Agriculture de montagne/ Réduction de l’aide découplée à la surface

CAA de LYON

N° 13LY01935   
Inédit au recueil Lebon
3ème chambre – formation à 3
M. MARTIN, président
Mme Pascale DECHE, rapporteur
M. CLEMENT, rapporteur public
SCP MOINS, avocat

lecture du mardi 26 mai 2015

REPUBLIQUE FRANCAISEAU NOM DU PEUPLE FRANCAIS

 


 

Texte intégral

Vu la procédure suivante :

Procédure contentieuse antérieure :

M. D…C…a demandé au tribunal administratif de Clermont-Ferrand d’annuler la décision du 5 mars 2012 par laquelle le préfet du Cantal l’a informé de la réduction de 9 365,02 euros de l’aide découplée à la surface dont il bénéficiait au titre de l’année 2011 ainsi que celle du 12 avril 2012 par laquelle ledit préfet a rejeté son recours gracieux.

Par un jugement n° 1200916 du 16 mai 2013, le tribunal administratif de Clermont-Ferrand a rejeté sa demande.
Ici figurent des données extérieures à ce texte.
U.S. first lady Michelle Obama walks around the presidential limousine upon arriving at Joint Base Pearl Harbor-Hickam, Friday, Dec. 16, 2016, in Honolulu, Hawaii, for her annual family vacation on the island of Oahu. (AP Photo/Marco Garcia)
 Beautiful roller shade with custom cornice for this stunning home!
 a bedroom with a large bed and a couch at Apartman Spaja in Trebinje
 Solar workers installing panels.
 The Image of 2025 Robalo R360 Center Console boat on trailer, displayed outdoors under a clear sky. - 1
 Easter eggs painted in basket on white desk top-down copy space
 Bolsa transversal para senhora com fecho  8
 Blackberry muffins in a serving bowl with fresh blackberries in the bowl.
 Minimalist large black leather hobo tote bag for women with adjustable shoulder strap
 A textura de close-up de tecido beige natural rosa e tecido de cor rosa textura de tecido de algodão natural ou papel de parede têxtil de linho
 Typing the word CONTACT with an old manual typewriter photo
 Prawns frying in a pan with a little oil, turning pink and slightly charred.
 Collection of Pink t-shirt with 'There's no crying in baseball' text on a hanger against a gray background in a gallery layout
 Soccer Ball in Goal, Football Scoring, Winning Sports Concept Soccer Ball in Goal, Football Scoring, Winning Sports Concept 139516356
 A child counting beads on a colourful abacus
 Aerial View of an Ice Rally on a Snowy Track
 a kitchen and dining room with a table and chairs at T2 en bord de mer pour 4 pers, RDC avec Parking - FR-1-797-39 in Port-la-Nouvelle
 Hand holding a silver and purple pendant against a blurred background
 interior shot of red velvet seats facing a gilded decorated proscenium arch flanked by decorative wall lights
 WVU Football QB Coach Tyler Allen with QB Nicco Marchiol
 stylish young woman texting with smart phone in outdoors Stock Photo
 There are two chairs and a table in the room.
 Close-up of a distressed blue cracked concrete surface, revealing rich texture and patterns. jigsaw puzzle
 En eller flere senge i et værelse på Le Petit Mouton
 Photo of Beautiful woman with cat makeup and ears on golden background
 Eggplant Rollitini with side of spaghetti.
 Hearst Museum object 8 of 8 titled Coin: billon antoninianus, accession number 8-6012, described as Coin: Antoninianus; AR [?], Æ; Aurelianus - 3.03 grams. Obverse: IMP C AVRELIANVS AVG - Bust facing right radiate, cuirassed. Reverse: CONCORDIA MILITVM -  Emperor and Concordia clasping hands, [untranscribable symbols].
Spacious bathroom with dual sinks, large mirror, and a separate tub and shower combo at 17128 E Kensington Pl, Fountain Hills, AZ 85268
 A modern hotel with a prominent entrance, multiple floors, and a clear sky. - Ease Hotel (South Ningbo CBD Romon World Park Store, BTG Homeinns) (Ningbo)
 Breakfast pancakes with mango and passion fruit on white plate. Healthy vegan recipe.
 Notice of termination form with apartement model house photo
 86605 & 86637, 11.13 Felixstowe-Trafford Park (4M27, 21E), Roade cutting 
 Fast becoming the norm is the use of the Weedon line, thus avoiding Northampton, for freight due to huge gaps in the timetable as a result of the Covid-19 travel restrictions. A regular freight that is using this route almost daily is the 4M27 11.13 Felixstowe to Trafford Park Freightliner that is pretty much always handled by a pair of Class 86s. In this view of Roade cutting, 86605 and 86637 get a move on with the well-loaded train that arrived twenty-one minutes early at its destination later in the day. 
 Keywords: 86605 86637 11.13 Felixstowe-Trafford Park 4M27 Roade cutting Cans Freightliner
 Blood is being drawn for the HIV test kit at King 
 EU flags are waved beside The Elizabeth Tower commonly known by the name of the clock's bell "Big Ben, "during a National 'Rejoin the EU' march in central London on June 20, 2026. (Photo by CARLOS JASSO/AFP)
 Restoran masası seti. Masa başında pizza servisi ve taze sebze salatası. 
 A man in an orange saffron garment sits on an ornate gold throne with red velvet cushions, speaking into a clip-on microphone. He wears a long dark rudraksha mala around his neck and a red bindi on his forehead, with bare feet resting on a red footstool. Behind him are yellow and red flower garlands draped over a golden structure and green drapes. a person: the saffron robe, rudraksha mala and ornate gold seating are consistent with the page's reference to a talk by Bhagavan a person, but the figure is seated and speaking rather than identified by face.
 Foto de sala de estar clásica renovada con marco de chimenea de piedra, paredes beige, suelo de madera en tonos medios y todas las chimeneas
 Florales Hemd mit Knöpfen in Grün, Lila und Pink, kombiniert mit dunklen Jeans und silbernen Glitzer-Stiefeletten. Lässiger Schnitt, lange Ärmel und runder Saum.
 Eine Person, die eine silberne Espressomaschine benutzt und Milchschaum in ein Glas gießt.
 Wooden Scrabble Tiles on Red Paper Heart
Procédure devant la Cour :

Par une requête et un mémoire enregistrés le 22 juillet 2013 et le 3 février 2014, M.C…, représenté par MeA…, demande à la Cour :

1°) d’annuler le jugement n° 1200916 du 16 mai 2013 du tribunal administratif de Clermont-Ferrand ;

2°) d’annuler les décisions des 5 mars et 12 avril 2012 ;

3°) de mettre à la charge de l’Etat une somme de 1 500 euros sur le fondement des dispositions de l’article L. 761-1 du code de justice administrative.

Il soutient que :
– le contrôle de l’exploitation des terres litigieuses aurait dû être réalisé sur place et en sa présence, ce qui lui aurait permis de présenter directement au contrôleur des explications concernant l’impossibilité dans laquelle il s’est trouvé d’exploiter lesdits terrains ;
– l’occupation illégale de l’îlot litigieux par un tiers constitue une circonstance exceptionnelle ou un cas de force majeure de nature à l’exonérer de son erreur de déclaration de surface pour le versement des aides environnementales en application des dispositions des articles 14 et 75 du règlement (CE) n° 1122/2009 et de l’article 31 du règlement (CE) n° 73/2009 ; en mai 2008, lorsqu’il s’est engagé dans les contrats MAE et PHAE, il était en situation de pouvoir légitimement penser qu’il exploiterait les parcelles litigieuses ; enfin, pour l’année 2012, il a pu effectivement exploiter les surfaces de l’îlot n° 1.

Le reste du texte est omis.